On the Town is something contemporary audiences aren't accustomed to - a largely ballet-based dance musical, created way back in 1944 when great composer Leonard Bernstein and great choreographer Jerome Robbins were early in their creative collaboration.
Thanks to writing partners Betty Comden and Adolph Green, the show was also young, sassy, exuberant and in the moment. Together they created a New York where everybody danced through the streets, from three sailors on 24-hour leave to gray flannel suit-ers to street sweepers.
On the Town is a perfect musical to show off the triple threat that is CCM musical theater. They can dance, they can sing, they can act. This is a tall, tall order. As an ensemble show, a lot of people get their moment in the spotlight.
The show begins at dawn at the Brooklyn Navy Yard, where Gabey (Eric Santagata), Ozzie (Matthew Risch) and Chip (Kyle McDaniel) begin an eventful 24-hour leave in the Big City (the time ticks off in the upper right hand corner of Thom Umfrid's energetic, Mondrian-inspired set.).
Gabey sees a poster of Ivy (Jennifer Bowles) in the subway and finding her becomes his quest. His buddies decide to assist.
Along the way, eager tourist Chip falls (without much resistance) into the eager arms of cab driver Hildy (Lindsay Pier) and together they have a great number in what is likely going to stand as the best stage prop of the entire 2003-04 theater season - a New York Yellow Cab with a set of springs somewhere between a bucking bronco and a trampoline.
Meanwhile, Ozzie's resemblance to prehistoric man attracts the attention of Claire (Emily Randolph Jones) who's trying to subdue her nymphomaniac tendencies (but not succeeding, lucky Ozzie.)
The tone, as you've probably figured out, can be irreverently, raucously funny.
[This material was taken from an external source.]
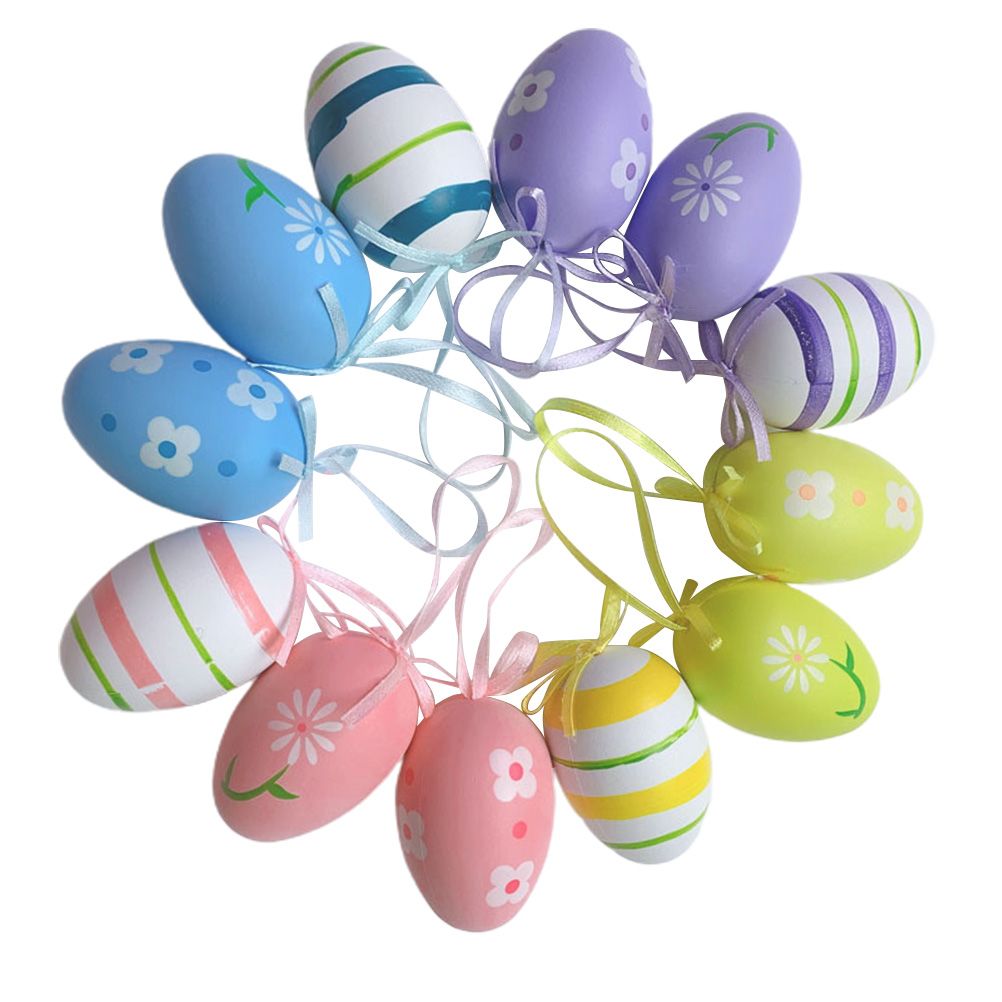 12 Pcs Easter Eggs for Hanging Plastic Colorful Easter Eggs with Silk Ribbon view 9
But that's balanced with melancholy - Gabey is unlucky at love through most of the show, and gets caught up in a dream ballet or two.
Director Aubrey Berg finds these fine emotional lines, getting the most out of the broad jokes and out of genuine heartache.
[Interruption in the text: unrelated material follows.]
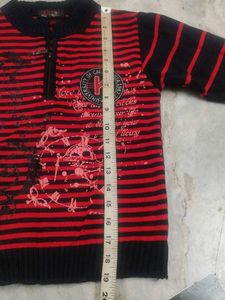 Stylish Red &amp; Black Striped Pullover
Then he pulls the elements together - that fast moving set (which seems to share the pulse of the city), a parade of fun and fabulous, character-defining Forties fashion by Rebecca Senske and Diane Lala's knockout choreography, which almost acts as dialogue.
Lala challenges her company of dancers who are grand in everything but the dream ballets where, too often, they make it looks as hard as it is. Our three sailors are swell, though, and Santagata is effortless. He has a fluidity that is the real deal and when he and Bowles share a dreamy duet, they show how it's supposed to be done.
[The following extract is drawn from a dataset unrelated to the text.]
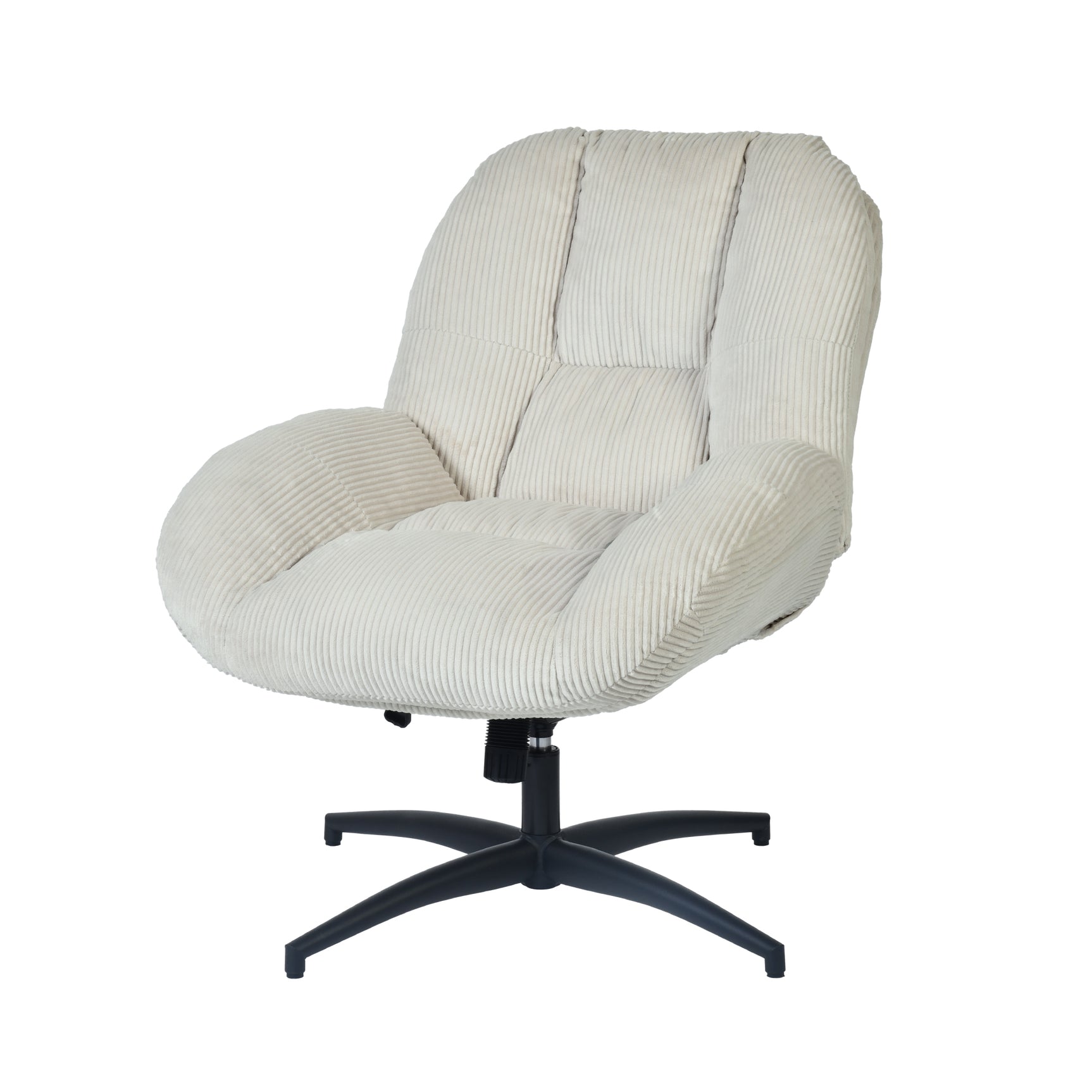 Adjustable Ergonomic Office Armchair Pivoting with fabric armrests white loop - Thomasina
Santagata is also a complete charmer as Gabey, grabbing the audience by the heart with "Lonely Town."
Only complaint - the cast was over-miked in the first act particularly, undermining the fine work by musical director Roger Grodsky and CCM's Philharmonia Orchestra.
Along with fine work from the three primary couples, On the Town features a couple of great comic turns: Madame Dilly, Ivy's dilly of a tippling singing teacher, is played for all she's worth by Lindsay Juneau and Claire's unfortunate (and overly understanding) fiance Pitkin is delightfully embodied by Benjamin Magnuson, who does double funny duty as an announcer.